Dear Carolyn: Is it wrong for a 30-year-old (or anyone, for that matter) to want a job with less responsibility? How does one go about explaining this desire to family, friends and/or potential employers? – Washington, D.C.
Wrong to desire that, no. Every boss needs good workers, every head coach needs good assistants, every bull-rider needs rodeo clowns. Or is it the other way around?
Anyway. As long as you take seriously whatever responsibilities you do assume – and therefore don’t burden others – it’s also fine to act on the desire. No law says everyone must strive to be CEO of the Earth. Not even in D.C.
But taking your responsibilities seriously includes any you’ve assumed in your personal life, too. You must support children, cooperate with spouses, care for pets, honor promises (or be ready to pay for any you break), pay debts, offer to reimburse parents who underwrote the law degree you’ve abruptly chosen to render decorative after six months in the profession, etc.
You’re under no obligation to live up to anyone’s hopes, no matter what Mother says, but you should clarify your decision to people close enough to worry about you. (Not justify, mind you.)
Respecting yourself and your motives is optional, though strongly advised.
As for potential employers, try, “I feel this is the job that best suits me.” Omitting the fact that if you work one more weekend, you’ll plotz.
Dear Carolyn: Is it appropriate to ask the ex-wife of the man I plan to marry to stop using his name? Their marriage was short, and they had no children together. The divorce was final four years ago. She continues to list his name in the phone book next to hers. This is a small community. I’ve been told she is hanging onto his name to maintain her social standing. This is irritating because I don’t think this town is big enough for two of us to be called Mrs. I’d hate to keep my maiden name because of this situation. Am I being too sensitive? – N.K.

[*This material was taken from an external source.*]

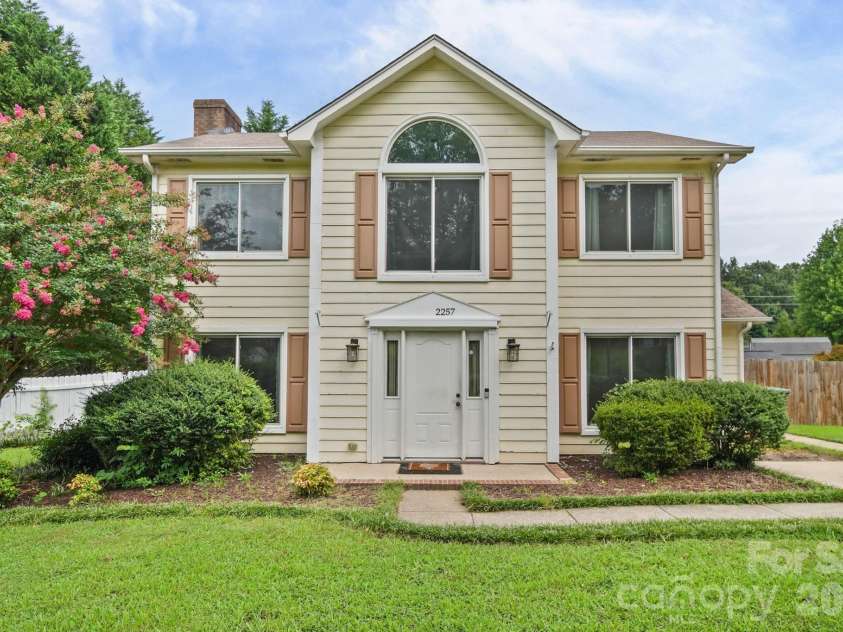 2257 Swain Court, Gastonia, NC 28054.  MLS# CAR4402479, YatesRealty ID 44427.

Way. Whether her marriage to your fiance was short and childless or long and fruitful, his name is hers now if she wants it. She wants it. Discussion over.

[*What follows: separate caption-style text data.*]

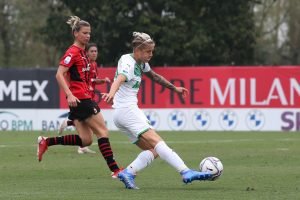 15a-giornata-si-parte-con-fiorentina-lazio-con-sassuolo-milan-e-roma-inter-si-accende-la-corsa-al-2posto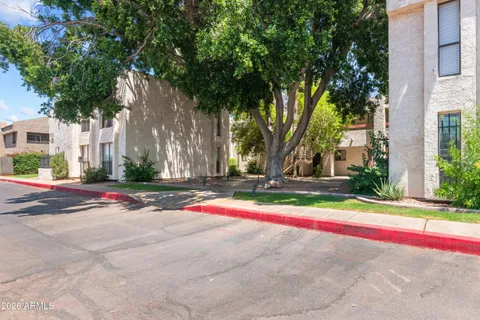 $178,900 | 3119 West Cochise Drive, Unit 149, Phoenix, AZ 85051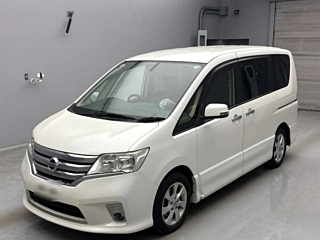 NISSAN SERENA 2011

Approaching the ex-wife to assert your territorial claim: way over.
If you want a reason not to be so sensitive, consider this. The community is too small for two Mrs. Catfights to share it comfortably, right? That means it’s also small enough for everyone to be fully aware that you’re the one married to Mr. Catfight, and that the first Mrs. Catfight is the ex-wife who all the gossips insist is clinging to her name as some kind of social fig leaf. How sad.
Come to think of it, that’s a reason you should be more sensitive. To her. You have what the ex apparently wants, putting you in the position of strength here. Occupy it graciously. Let her call herself what she wants.
Unless, of course … she’s happy and just couldn’t be bothered to change her phone listing. Since misjudging her so severely would make you the “how sad” one, count that, too, as a vote for backing off.
He was married before. For your own sake, make peace with that now.